Hunter Johnson has forever made an impact on Liberty Christian School in Argyle. Coming to Liberty in 2003 as a fourth grader, Hunter was diagnosed with brain cancer last fall during his junior year.
It has been a tough battle, but after undergoing surgery, radiation, and chemotherapy, Hunter continues to show the character of a true warrior.
On Friday, Sept. 9, Liberty will honor Hunter for his warrior spirit, declaring that day as “Hunter Johnson Day” and making him an honorary captain of the football game.
The Middle and Upper School students will all wear specially-made Hunter Johnson shirts, and if he is up to it, Hunter will throw the coin toss to start the game. The pep rally on Friday will be dedicated to Hunter, and participants in the game will all wear Hunter Johnson armbands.
Over the months, Liberty families have taken meals, supported in prayer, made school videos, sent cards, and visited him in the hospital. Bible classes have also reached out to Hunter, and a prayer calendar has also been created to remind the Liberty family to keep Hunter and his family in their prayers.
Hunter, who would be a senior this year, made many friends at Liberty, and teachers agree he was a student who was creative, caring, and involved.
Hunter’s fourth grade teacher, Sandy Lytle, was also new to Liberty his first year. Lytle said, “Watching Hunter grow into the young man he is has been such a pleasure. He touched my heart in an enormous way.
“I can still picture Hunter coming into the classroom with his big grin and cute freckles. After all of these years, he still has that grin, those freckles, and a delightful spirit about him. He is a light for all!”
Hunter was in the band and loved playing the trumpet.
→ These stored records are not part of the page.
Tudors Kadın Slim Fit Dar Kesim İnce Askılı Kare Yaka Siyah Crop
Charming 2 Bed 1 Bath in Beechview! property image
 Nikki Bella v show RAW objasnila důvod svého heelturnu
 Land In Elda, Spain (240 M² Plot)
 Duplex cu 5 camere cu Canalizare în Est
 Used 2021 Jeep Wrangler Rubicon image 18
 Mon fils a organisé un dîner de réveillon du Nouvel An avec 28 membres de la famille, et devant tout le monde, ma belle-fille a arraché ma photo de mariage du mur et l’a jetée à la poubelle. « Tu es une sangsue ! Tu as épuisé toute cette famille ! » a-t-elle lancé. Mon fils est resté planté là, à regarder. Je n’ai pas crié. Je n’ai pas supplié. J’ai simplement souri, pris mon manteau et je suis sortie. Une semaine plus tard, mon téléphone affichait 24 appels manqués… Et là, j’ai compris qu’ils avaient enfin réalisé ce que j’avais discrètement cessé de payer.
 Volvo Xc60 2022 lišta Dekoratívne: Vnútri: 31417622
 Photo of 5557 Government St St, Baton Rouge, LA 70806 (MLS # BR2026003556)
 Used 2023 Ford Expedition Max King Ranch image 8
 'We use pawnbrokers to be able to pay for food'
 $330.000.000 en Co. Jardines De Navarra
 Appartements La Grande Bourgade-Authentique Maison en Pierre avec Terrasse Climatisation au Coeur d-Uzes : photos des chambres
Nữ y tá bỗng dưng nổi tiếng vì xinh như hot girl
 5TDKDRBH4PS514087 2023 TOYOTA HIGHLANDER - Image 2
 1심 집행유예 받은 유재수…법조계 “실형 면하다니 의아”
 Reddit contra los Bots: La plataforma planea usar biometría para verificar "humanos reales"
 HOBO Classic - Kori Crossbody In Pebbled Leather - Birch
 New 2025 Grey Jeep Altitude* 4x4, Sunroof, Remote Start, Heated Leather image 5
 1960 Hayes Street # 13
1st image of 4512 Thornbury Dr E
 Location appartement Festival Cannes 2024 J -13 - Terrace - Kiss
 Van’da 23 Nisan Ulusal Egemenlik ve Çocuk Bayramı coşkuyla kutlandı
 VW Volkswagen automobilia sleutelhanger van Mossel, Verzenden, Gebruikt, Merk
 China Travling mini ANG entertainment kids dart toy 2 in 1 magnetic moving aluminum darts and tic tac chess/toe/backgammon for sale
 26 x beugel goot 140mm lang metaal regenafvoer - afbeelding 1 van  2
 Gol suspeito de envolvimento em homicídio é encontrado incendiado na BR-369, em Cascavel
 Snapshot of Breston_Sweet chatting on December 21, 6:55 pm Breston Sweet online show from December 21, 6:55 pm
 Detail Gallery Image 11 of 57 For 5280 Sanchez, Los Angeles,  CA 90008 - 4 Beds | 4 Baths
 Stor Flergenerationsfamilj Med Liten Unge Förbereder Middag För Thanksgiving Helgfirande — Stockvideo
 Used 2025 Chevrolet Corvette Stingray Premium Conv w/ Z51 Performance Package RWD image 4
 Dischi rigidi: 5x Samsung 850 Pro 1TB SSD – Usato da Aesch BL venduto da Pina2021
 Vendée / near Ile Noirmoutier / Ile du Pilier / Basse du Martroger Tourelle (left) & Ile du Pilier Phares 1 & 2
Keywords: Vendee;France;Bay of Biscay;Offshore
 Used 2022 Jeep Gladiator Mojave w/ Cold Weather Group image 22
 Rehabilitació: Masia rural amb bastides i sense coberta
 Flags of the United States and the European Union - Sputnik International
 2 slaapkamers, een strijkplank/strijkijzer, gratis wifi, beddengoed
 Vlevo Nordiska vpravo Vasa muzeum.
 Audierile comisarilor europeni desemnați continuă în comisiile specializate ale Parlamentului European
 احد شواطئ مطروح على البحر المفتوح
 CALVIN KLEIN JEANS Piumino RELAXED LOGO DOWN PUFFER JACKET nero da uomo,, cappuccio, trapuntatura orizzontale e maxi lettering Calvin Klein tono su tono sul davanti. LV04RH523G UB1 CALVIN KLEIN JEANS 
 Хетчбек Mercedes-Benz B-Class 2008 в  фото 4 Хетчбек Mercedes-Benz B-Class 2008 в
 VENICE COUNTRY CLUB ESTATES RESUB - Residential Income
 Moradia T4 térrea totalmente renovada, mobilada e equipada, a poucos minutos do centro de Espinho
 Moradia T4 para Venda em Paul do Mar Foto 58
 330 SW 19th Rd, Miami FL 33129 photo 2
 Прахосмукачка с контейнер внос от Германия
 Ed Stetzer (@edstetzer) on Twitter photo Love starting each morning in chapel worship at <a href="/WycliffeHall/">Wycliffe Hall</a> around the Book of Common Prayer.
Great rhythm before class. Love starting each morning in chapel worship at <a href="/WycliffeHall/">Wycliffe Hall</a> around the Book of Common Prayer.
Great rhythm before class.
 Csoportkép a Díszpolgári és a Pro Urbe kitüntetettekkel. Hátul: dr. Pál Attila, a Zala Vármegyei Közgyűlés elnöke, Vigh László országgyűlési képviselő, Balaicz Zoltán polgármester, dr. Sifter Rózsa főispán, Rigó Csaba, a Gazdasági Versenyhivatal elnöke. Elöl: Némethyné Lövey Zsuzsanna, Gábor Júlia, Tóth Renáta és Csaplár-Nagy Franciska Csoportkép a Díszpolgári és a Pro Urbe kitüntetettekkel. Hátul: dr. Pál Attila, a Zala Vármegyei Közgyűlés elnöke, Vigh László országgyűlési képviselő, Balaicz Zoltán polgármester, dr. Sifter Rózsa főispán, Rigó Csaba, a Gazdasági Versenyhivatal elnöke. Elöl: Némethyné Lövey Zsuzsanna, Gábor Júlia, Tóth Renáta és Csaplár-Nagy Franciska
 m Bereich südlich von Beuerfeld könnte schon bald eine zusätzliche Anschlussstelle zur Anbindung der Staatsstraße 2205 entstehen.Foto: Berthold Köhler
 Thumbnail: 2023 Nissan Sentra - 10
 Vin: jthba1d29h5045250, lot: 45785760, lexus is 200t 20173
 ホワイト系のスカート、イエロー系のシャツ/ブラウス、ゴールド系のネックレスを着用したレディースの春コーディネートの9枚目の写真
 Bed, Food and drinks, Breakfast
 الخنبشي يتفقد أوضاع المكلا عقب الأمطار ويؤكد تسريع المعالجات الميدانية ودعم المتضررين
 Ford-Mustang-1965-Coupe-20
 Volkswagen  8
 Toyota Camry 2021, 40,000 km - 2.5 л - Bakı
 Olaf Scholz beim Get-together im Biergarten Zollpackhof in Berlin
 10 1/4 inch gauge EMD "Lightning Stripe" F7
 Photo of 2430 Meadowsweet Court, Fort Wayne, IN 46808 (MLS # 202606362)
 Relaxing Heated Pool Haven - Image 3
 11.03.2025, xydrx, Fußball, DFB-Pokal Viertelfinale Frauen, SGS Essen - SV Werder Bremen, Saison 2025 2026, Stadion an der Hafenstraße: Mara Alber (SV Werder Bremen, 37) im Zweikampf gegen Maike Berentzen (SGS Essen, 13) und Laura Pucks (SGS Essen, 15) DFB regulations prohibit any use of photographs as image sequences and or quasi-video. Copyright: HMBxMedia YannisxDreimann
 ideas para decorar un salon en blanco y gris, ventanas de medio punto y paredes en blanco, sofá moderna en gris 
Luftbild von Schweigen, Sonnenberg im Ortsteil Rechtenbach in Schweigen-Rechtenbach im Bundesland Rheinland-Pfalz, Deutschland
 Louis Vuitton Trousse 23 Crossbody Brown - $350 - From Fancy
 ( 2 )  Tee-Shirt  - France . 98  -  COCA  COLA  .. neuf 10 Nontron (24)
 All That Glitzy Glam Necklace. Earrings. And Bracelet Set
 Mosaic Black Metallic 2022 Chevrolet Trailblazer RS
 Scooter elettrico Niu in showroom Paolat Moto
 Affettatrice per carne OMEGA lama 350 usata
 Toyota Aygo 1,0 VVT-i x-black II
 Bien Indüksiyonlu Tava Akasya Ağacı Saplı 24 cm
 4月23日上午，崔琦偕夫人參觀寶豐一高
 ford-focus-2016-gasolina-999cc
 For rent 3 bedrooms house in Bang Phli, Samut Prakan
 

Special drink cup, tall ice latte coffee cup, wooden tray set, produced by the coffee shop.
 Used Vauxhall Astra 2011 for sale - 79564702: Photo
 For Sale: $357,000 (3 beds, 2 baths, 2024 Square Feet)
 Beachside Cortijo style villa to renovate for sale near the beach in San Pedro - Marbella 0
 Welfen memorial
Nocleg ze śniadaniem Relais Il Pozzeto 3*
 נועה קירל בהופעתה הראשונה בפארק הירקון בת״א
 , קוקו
Band Director Scott Himel said, “Hunter had been accepted by another school and was in a great position to be in a nationally recognized marching band. He came to me and said he preferred to be at Liberty and be a part of building a program here and leaving a legacy for all future band students.
“He has an amazing servant’s heart and a pioneering spirit that influenced all of our band members and trumpet players.”
Teacher Lenette Lindsay had the opportunity to have Hunter for 10th grade English.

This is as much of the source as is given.